* _DIRECTIONS FOR THIS TASK_
With the line containing "Run Belle delphine" as the start and the line containing "ROSEY FLORAL MIST ROSE + NEROLI HYDROSOL" as the end, transcribe that span of the entries below exactly, including both.

* _GIVEN DATA_
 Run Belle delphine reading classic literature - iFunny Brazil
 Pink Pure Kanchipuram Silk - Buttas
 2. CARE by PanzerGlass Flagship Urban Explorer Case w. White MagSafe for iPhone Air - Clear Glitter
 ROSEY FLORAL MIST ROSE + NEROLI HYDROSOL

---

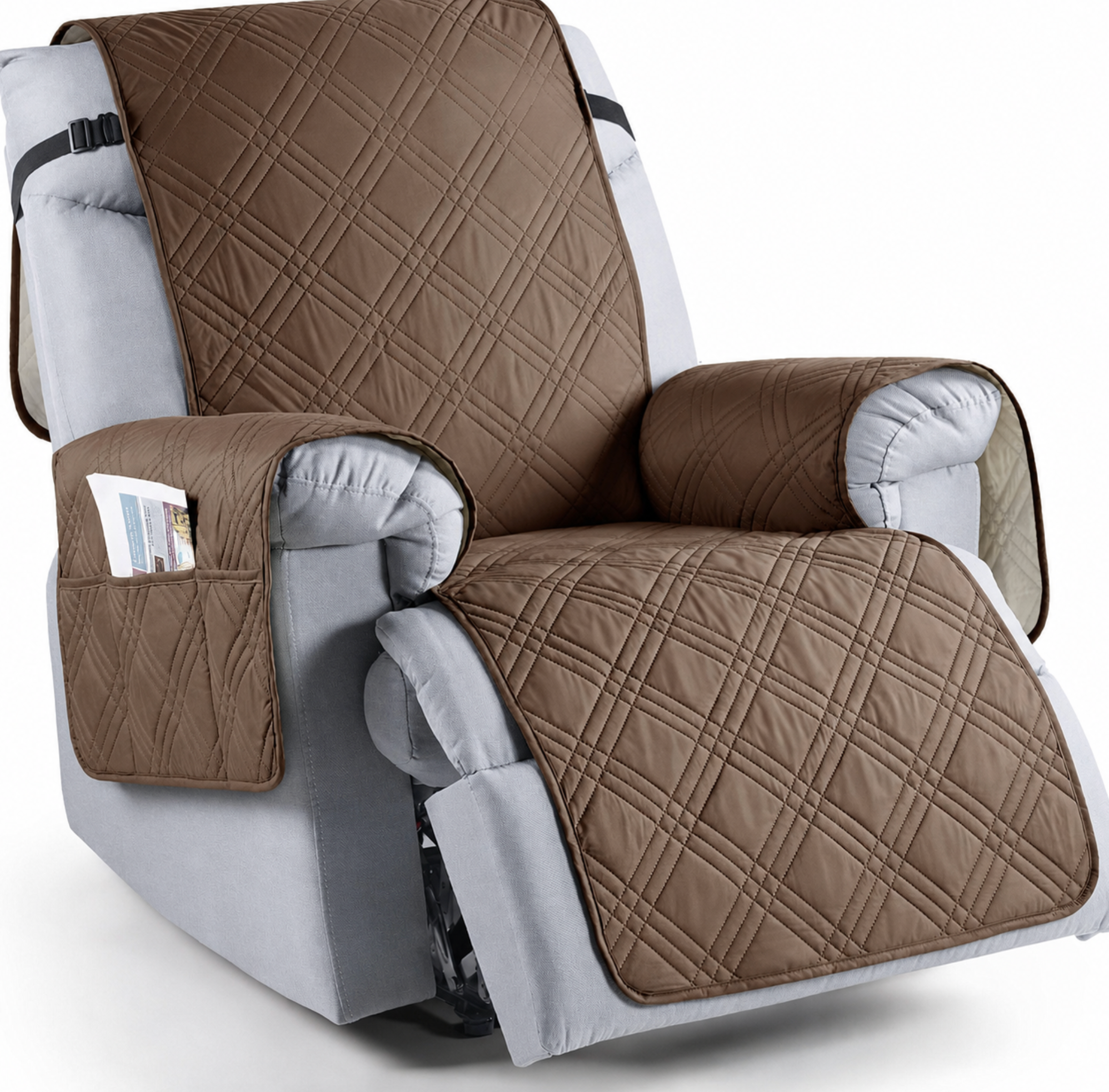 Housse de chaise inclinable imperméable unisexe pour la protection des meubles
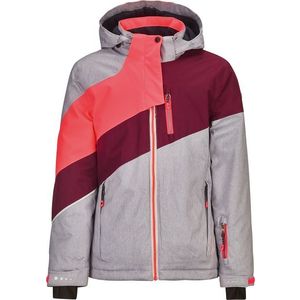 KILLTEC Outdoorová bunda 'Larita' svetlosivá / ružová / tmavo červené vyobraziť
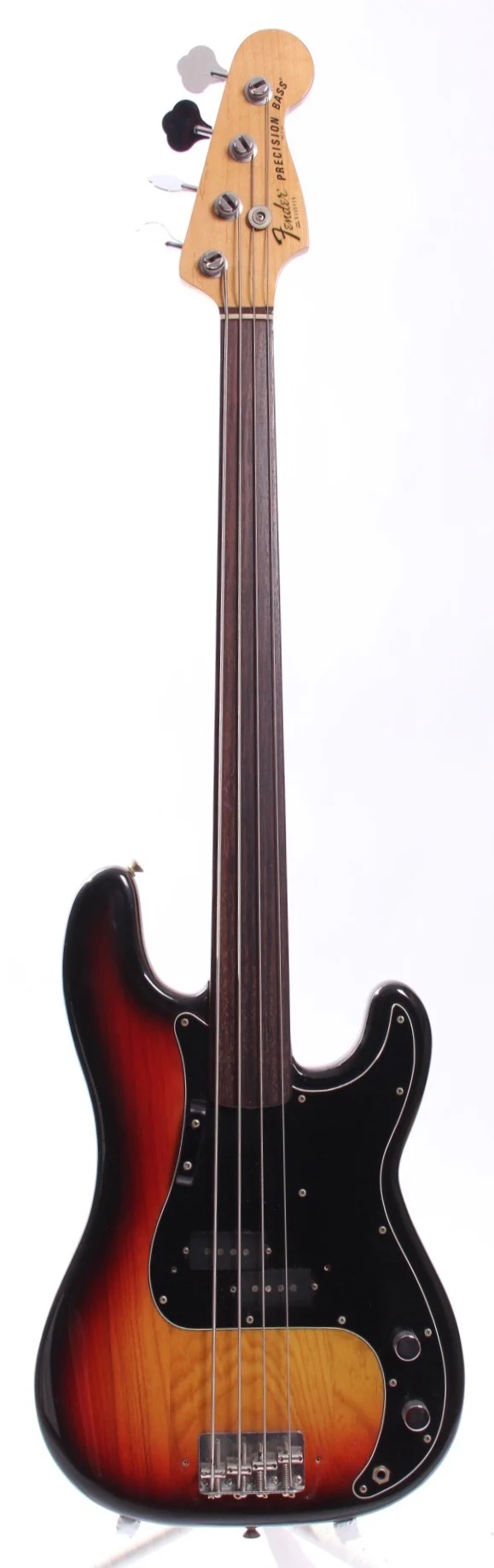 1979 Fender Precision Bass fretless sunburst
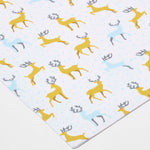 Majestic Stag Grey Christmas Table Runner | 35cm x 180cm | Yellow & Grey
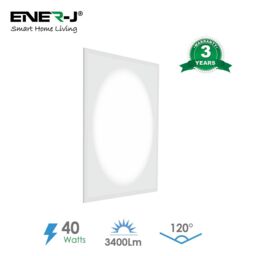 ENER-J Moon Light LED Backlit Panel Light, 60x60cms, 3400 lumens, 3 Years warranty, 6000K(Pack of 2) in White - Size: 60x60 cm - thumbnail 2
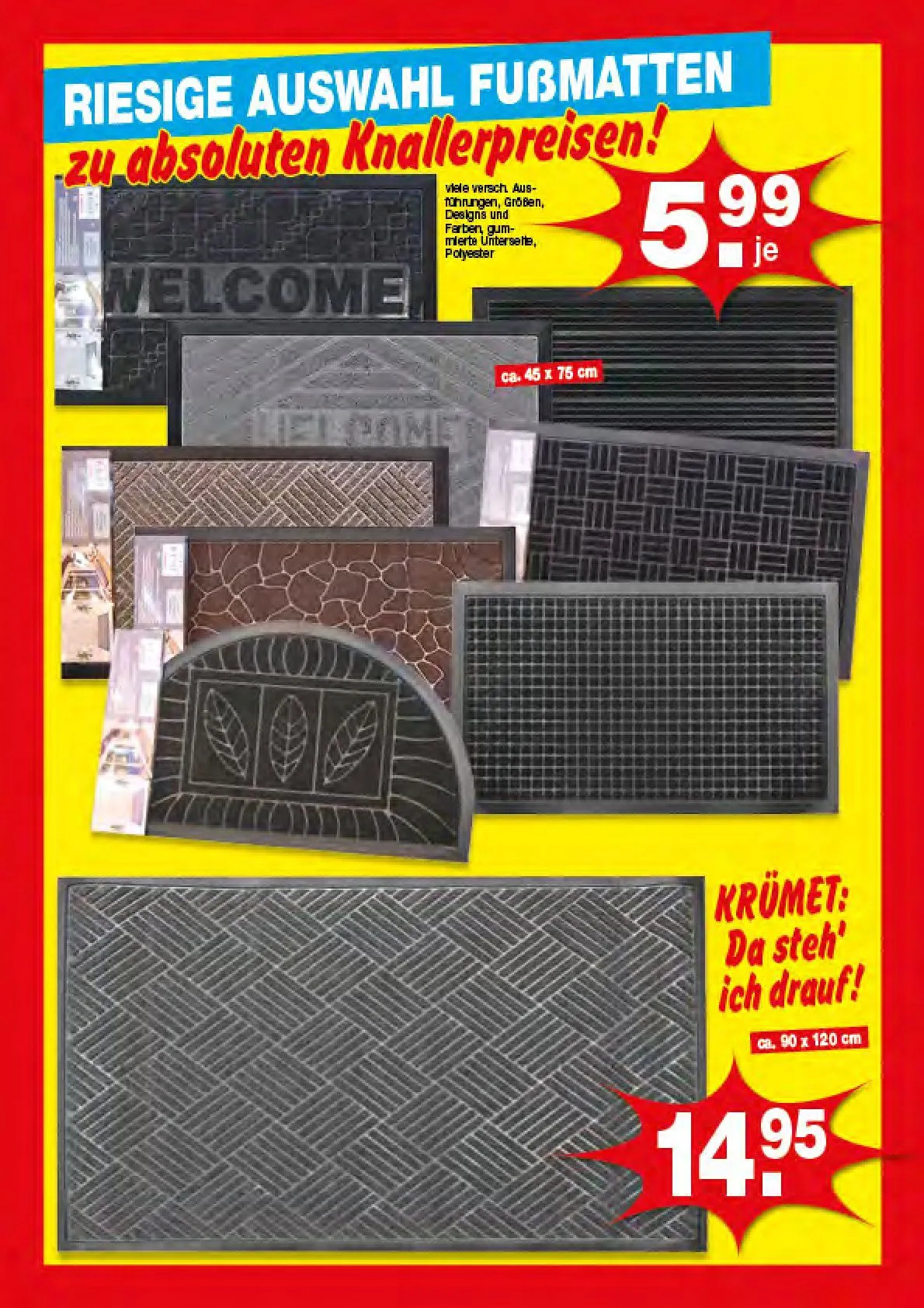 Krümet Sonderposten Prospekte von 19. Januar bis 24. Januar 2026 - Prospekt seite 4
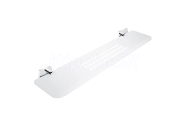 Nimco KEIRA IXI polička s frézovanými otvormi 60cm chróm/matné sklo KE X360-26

* _ANSWER TO THE EXERCISE_
 Run Belle delphine reading classic literature - iFunny Brazil
 Pink Pure Kanchipuram Silk - Buttas
 2. CARE by PanzerGlass Flagship Urban Explorer Case w. White MagSafe for iPhone Air - Clear Glitter
 ROSEY FLORAL MIST ROSE + NEROLI HYDROSOL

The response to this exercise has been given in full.